Re: ALCOBJ Fails, WRKOBJLCK Shows No Locks -- MIDRANGE-L

On 11/30/2011 9:44 PM, CRPence wrote:

On 30-Nov-2011 13:54 , Sam_L wrote:

A batch job tried:

ALCOBJ OBJ((xxxxxPF *FILE *SHRNUP *N)) WAIT(0)

It failed with CPF1002.

Is there a spooled joblog taken with LOG(4 0 *SECLVL); presumably the
actual request "RQS message" was logged too? Any QPDSPJOB produced?

Yes, I have the job log. CPF1002 doesn't really say much, though.

I ran WRKOBJLCK OBJ(xxxxxPF) OBJTYPE(*FILE) MBR(*ALL)

Any spooled output of that request to confirm? A spooled WRKJOB taken
for the job doing the WRKOBJLCK?

It showed only *SHRRD locks.

Any spooled WRKJOB for job(s) listed as holding any of those *SHRRD? Any
recollection if only one job, or more than one job was holding the
member locks and if both MBR and DATA? Were the number of each matching?

These were all interactive jobs. As I recall, there were two which had a lock only on the file. All the rest has both member and file *SHRRD locks.

FWiW neither request above, had library qualified the file; or so one
might infer for lack of 'xxLIB/' preceding the xxxxxPF

All the jobs were running with the default library list.

I tried the same ALCOBJ command from the green screen. It also
failed with CPF1002. Tried it several times, same result.

Is there a spooled joblog taken with LOG(4 0 *SECLVL)? DSPJOB output?

I doubt if I have that. But I cut and pasted the exact failing instruction from the failing job.

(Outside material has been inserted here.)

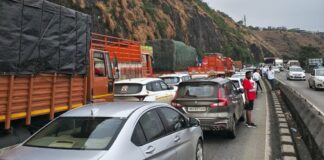Mumbai-Pune Expressway gridlock: Over 1 lakh motorists to get Rs 5 crore toll refund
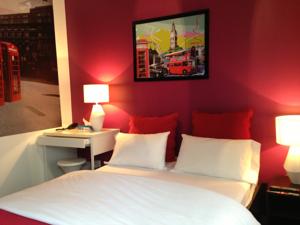 Hotel Clairefontaine : photos des chambres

Having used WAIT(big_value) instead, should have allowed a review for
the lock "status" of WAIT, via a WRKJOB OPTION(*JOBLCK) against the job
attempting that ALCOBJ issued within that [wait] time; i.e. assuming the
effect had not cleared up, as alluded transpired an hour later.

Hmmm... If the CPF1002 does not have the library name [seems not so in
v5r3], then the joblogs are of less value than I might have assumed in
above comments. The job information, at least the library list, is still
pertinent if the name was not library qualified.

Over an hour later, while attempting to demonstrate the failure to a
coworker, my ALCOBJ worked! None of the other *SHRRD locks went away
(as far as I can recollect.)

User resubmitted the batch job and it worked as expected.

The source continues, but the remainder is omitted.